Editorial

Google: Big Brother auf allen Kanälen


Artikel erschienen in Swiss IT Magazine 2008/17

     

Das Szenario ist simpel: Zwei Minuten Telefonieren mit dem T-Mobile G1 (oder einem beliebigen anderen Android-Smartphone), dann 15 Sekunden Werbepause. Und dasselbe von vorn. Gezählt wird wie bei der Abrechnung im Sekundentakt. Wer zu früh mit Telefonieren aufhört, beginnt beim nächsten Gespräch eben mit einer Werbung. Diese kommt entweder als Sprachnachricht oder – Display sei Dank – als Videobotschaft. Und sie ist natürlich personalisiert.
Klingt völlig daneben? Tatsächlich. Könnte aber durchaus Realität werden: Erstens wurden Versuche mit werbefinanzierten Handys und Abos in Skandinavien, Grossbritannien und weiteren Ländern bereits erfolgreich durchgeführt.
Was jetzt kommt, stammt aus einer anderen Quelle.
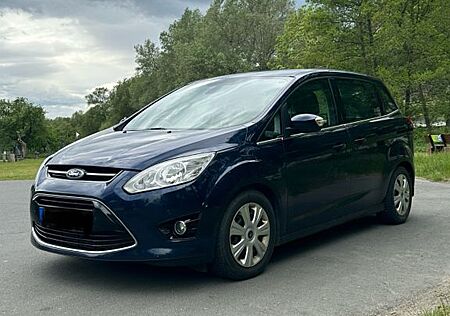 Ford Grand C-Max 1,6 EcoBoost 110kW Titanium Titanium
Zweitens kann Google, Suchmaschinen-Gigant und Android-Entwickler, vor allem eins – Werbung verkaufen. Auch wenn die Geräte von verschiedenen Herstellern stammen (das G1 von HTC) und unter unterschiedlichen Brands verkauft werden (als
T-Mobile G1); drauf ist immer ein Google-Betriebssystem, dessen Open-Source-Lizenz kein Geld abwirft. Also muss es irgendwie mit dem Kerngeschäft verknüpft werden. Zwar beteuerte Google noch in diesem Frühling auf dem Mobile World Congress in Barcelona, dass man es mit Werbung auf dem Handy nicht eilig habe. Zunächst wolle man eine gute Plattform auf den Markt bringen. Aber die ist nun da. Und in der Handywerbung liegt die Zukunft, wie Google selber in Barcelona erklärte.
Passend dazu geben sich denn auch viele Analysten zurückhaltend, wenn sie nach den Marktchancen für das T-Mobile G1 mit Google-Betriebssystem gefragt werden: Forrester etwa geht davon aus, dass sich das Gerät in den ersten drei Monaten weniger als 500’000 Mal verkaufen wird (zum Vergleich: Das iPhone 3G schaffte die Millionengrenze in drei Tagen). Zwar kostet das Google-Handy einen Bruchteil dessen, was für vergleichbare Smartphones berappt werden muss. Aber wie der IDC-Marktforscher Shiv Bakhshi gegenüber Bloomberg erklärte, dürften dem Google-Telefon der Kult und seine Anhänger fehlen. Er bezweifle stark, dass irgendeine Firma ein ähnlich grosses Tamtam wie Apple veranstalten könne.
Wohl vor allem Google nicht. Die Sache hat nämlich noch einen anderen Aspekt: Googles unstillbaren Informationshunger. Schon heute indexiert Google alles, was dem Suchroboter in die Klauen kommt. Mit dem Daten-sammelnden Chrome-Browser ist man gerade intensiv dabei, sich bei Datenschützern und vielen Anwendern unbeliebt zu machen.
Und jetzt ein Smartphone! Das ermöglicht doch ganz neue Möglichkeiten: Surf- und Download-Gewohnheiten, die Indexierung von versandten und empfangenen Mails, von bearbeiteten Dokumenten – nichts neues, aber doch paradiesisch. Und erst die Gespräche! Die bräuchte man ja noch nicht mal im Original mitzuschneiden, einige clever gewählte Schlüsselworte reichen durchaus. Und das Schönste daran: Die eindeutige Identifikation des Users muss Google nicht mal ins Handy schmuggeln, die ist über SIM-Karte und Nummer bereits integriert.
Sicher ein verrücktes Szenario, aber so abwegig möglicherweise doch nicht: So ist etwa eine Synchronisation mit dem Desktop-PC explizit nicht vorgesehen. Wer synchronisieren will, muss dies über Googles Web-Applikationen, Google Mail etc. tun. Getreu dem Google-Credo: Daten gehören ins Netz. Programme auch. Und als «Betriebssystem» reicht ein Browser – egal, ob der nun auf dem Handy oder auf dem PC läuft.